Brazil has a total of 3.7 million working minors.
To eradicate child labour, Brazil has implemented a programme offering subsidies to households below the poverty line.
“That’s not enough,” said Lelio Bentes, minister of Brazil’s Supreme Court of Labour and coordinator of the Justice of Labour’s Committee to Eradicate Child Labour.
Official figures show that the child labour ratio has fallen to 8.3 per cent in 2011 from 19.6 per cent in 1992, though a large number of Brazilian children aged from five to 17 continue to be exploited.
Experts are not optimistic about the government’s plan to eradicate child labour by 2015.
“We will not be able to meet that goal,” said Bentes.

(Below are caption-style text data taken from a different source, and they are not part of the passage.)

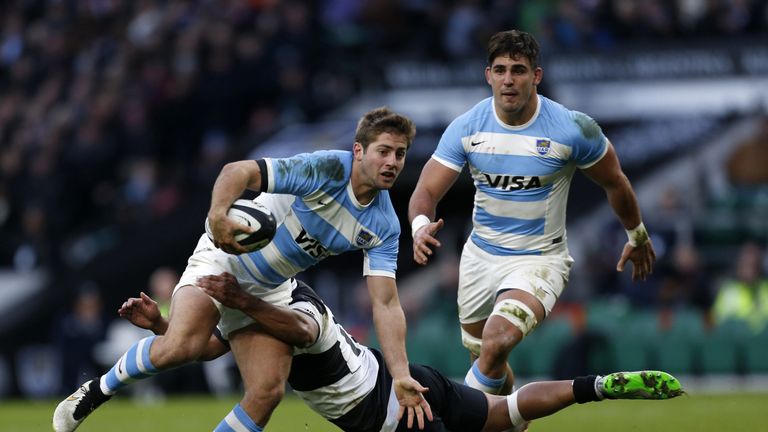 Argentina's Winger Santiago Cordero avoids a tackle by Barbarians' New Zealand Fly Half Lima Sopoaga to score his first try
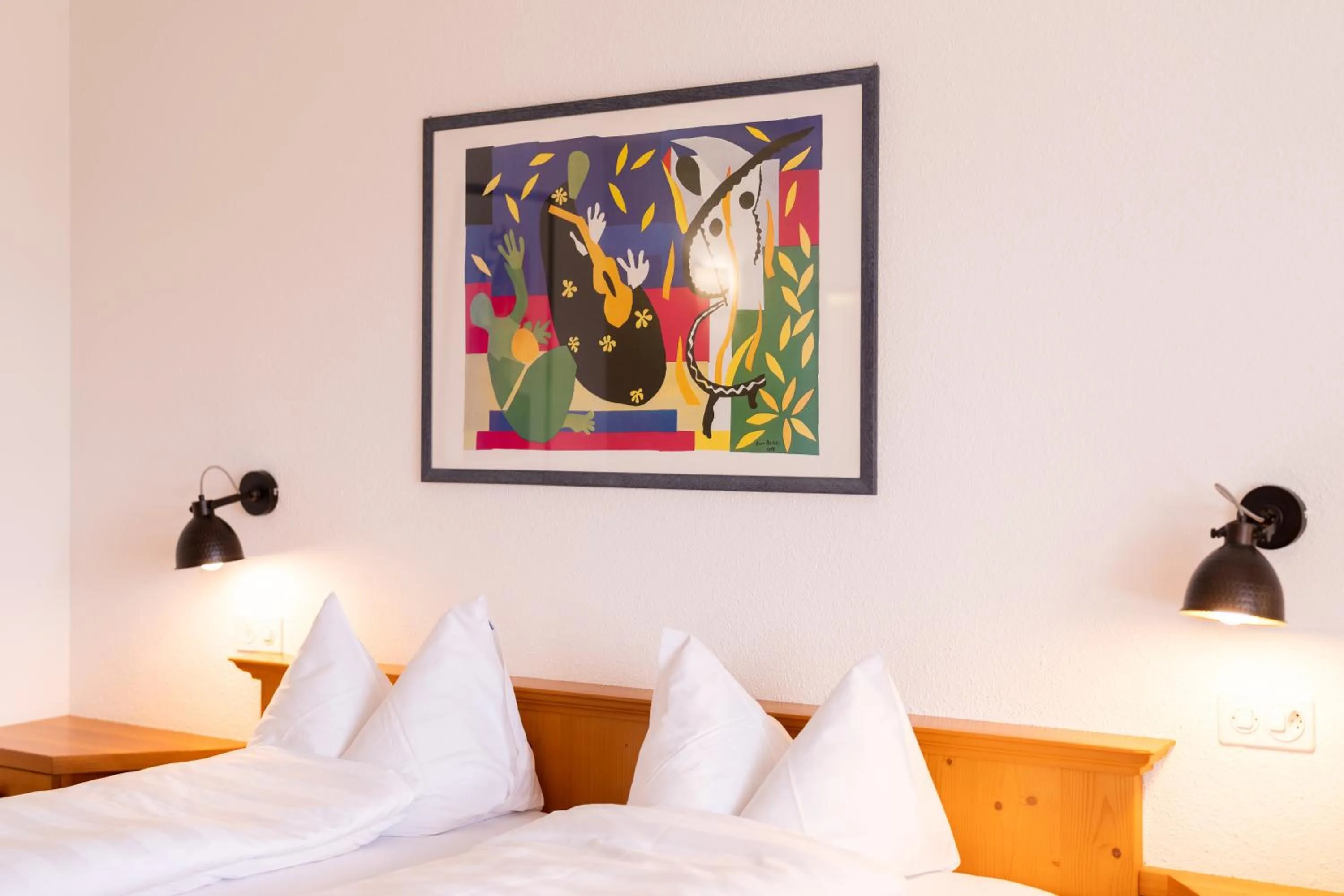 Bed in Hotel Schatzmann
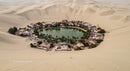 Stunning Desert Oasis Surrounded by Endless Sand Dunes
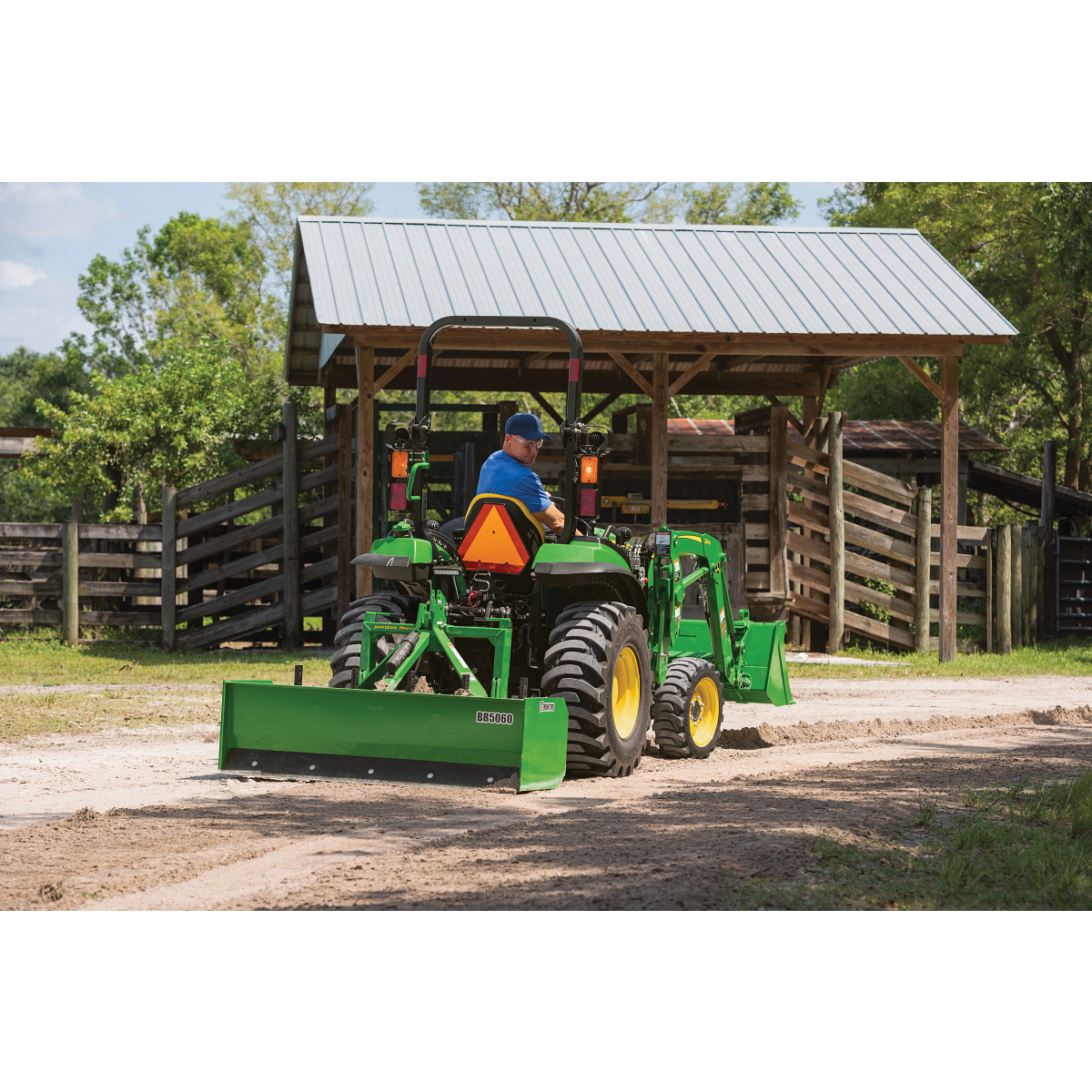 Person driving a green tractor with a front loader on a gravel path near a wooden shed and fenced paddock, trees in the background, on a sunny day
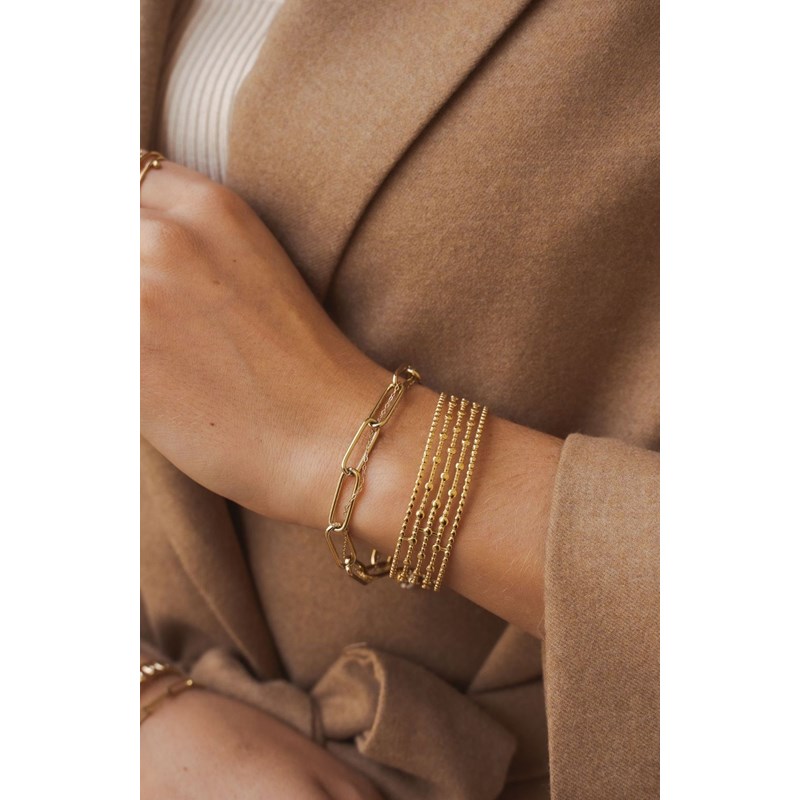 Bracelet rigide en acier doré ajustable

Bentes noted that most counter-measures are in family farms to end domestic child labour, stressing the need for “new strategies”.
There are some 215 million child labourers worldwide, half of whom in hazardous or illegal jobs, according to the International Labour Organisation.
The agency has called for eradication of child labour around the world by 2016.
An international conference on children will be held in the capital Brasilia in October.
Brazil hosted the Earth summit in 2012 and will host a World Cup and an Olympics in the next three years.
Brazil has lifted 20 million people out of poverty and catapulted them into the middle class through its famed social welfare programmes.